### What the task requires
Before you return the lines below, strip out any images and keep every word as written.

*****

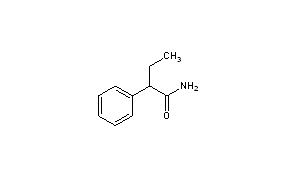 alpha-Phenylbutyramide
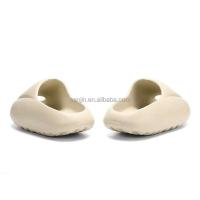 Zapatillas deportivas correctivas suaves y cómodas chinas, nuevas sandalias de mujer de color nude bonitas a bajo precio - details 2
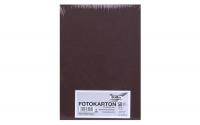 Folia Fotokarton A4 300g/m2, 50 Blatt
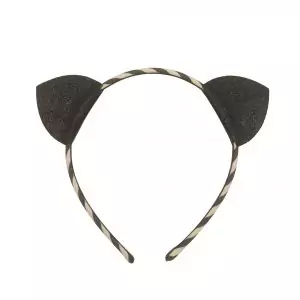 Diadema Gato de Rockahula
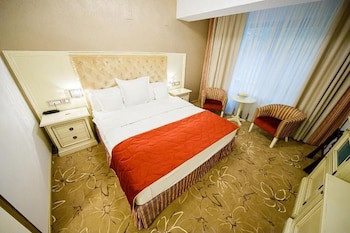 Pleiada Boutique Hotel And Spa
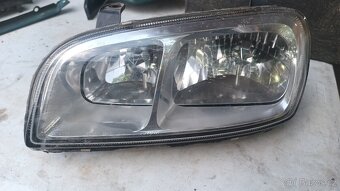 RAV4 motor a díly z auta - 10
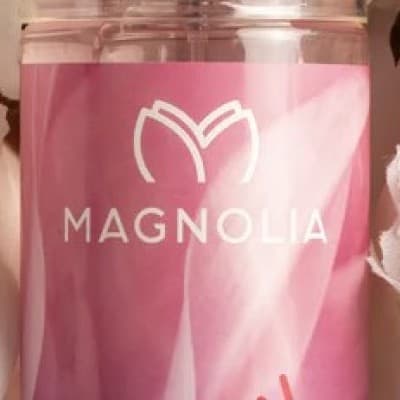 MAGNOLIA | ماجنوليا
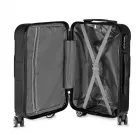 Mala de Viagem aberta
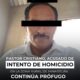 Pastor cristiano, acusado de intento de h0mic1di0 en Minatitlán, continúa prófugo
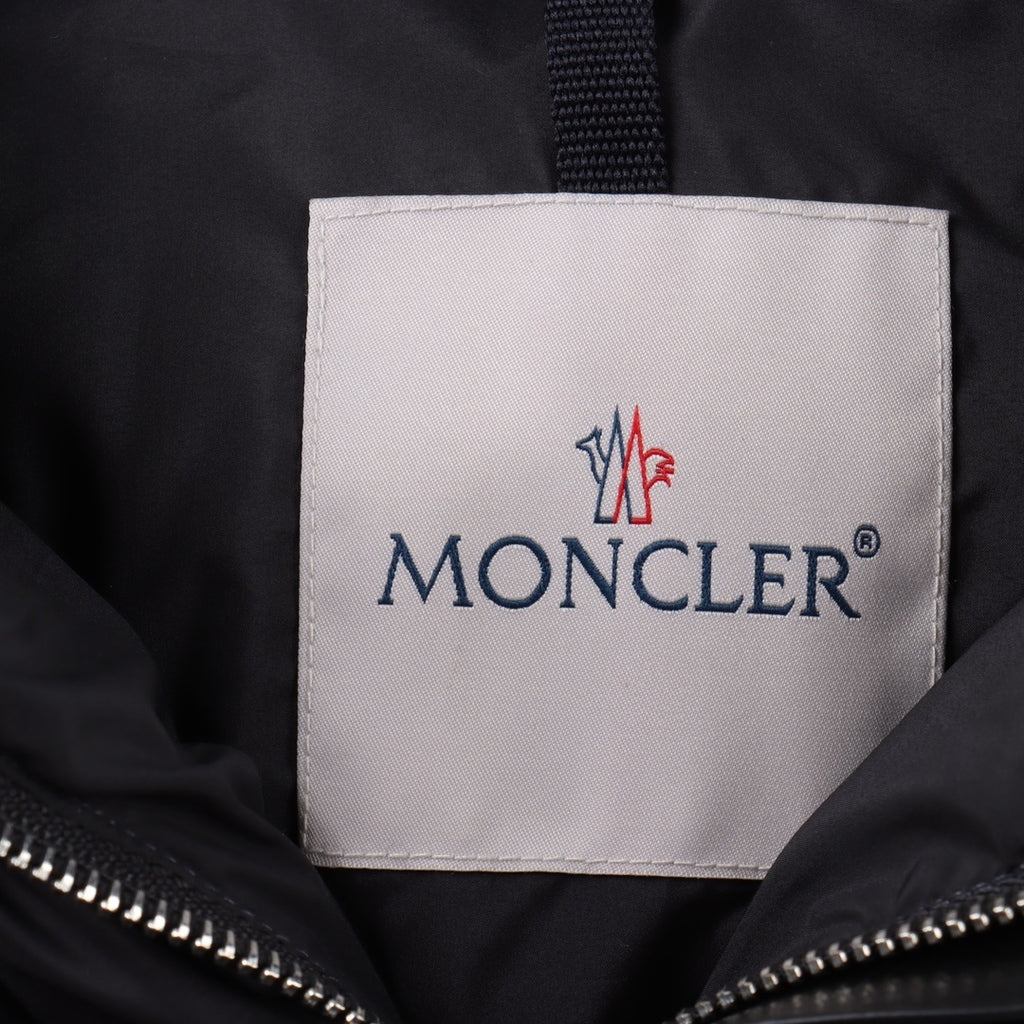Piumino Moncler Bresbe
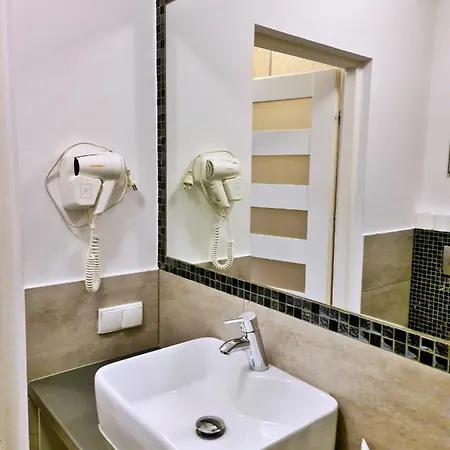 Grazyna - Sweet House Swinoujscie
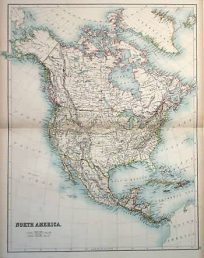 North America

*****

### Written reply
 alpha-Phenylbutyramide
 Zapatillas deportivas correctivas suaves y cómodas chinas, nuevas sandalias de mujer de color nude bonitas a bajo precio - details 2
 Folia Fotokarton A4 300g/m2, 50 Blatt
 Diadema Gato de Rockahula
 Pleiada Boutique Hotel And Spa
 RAV4 motor a díly z auta - 10
 MAGNOLIA | ماجنوليا
 Mala de Viagem aberta
 Pastor cristiano, acusado de intento de h0mic1di0 en Minatitlán, continúa prófugo
Piumino Moncler Bresbe
 Grazyna - Sweet House Swinoujscie
 North America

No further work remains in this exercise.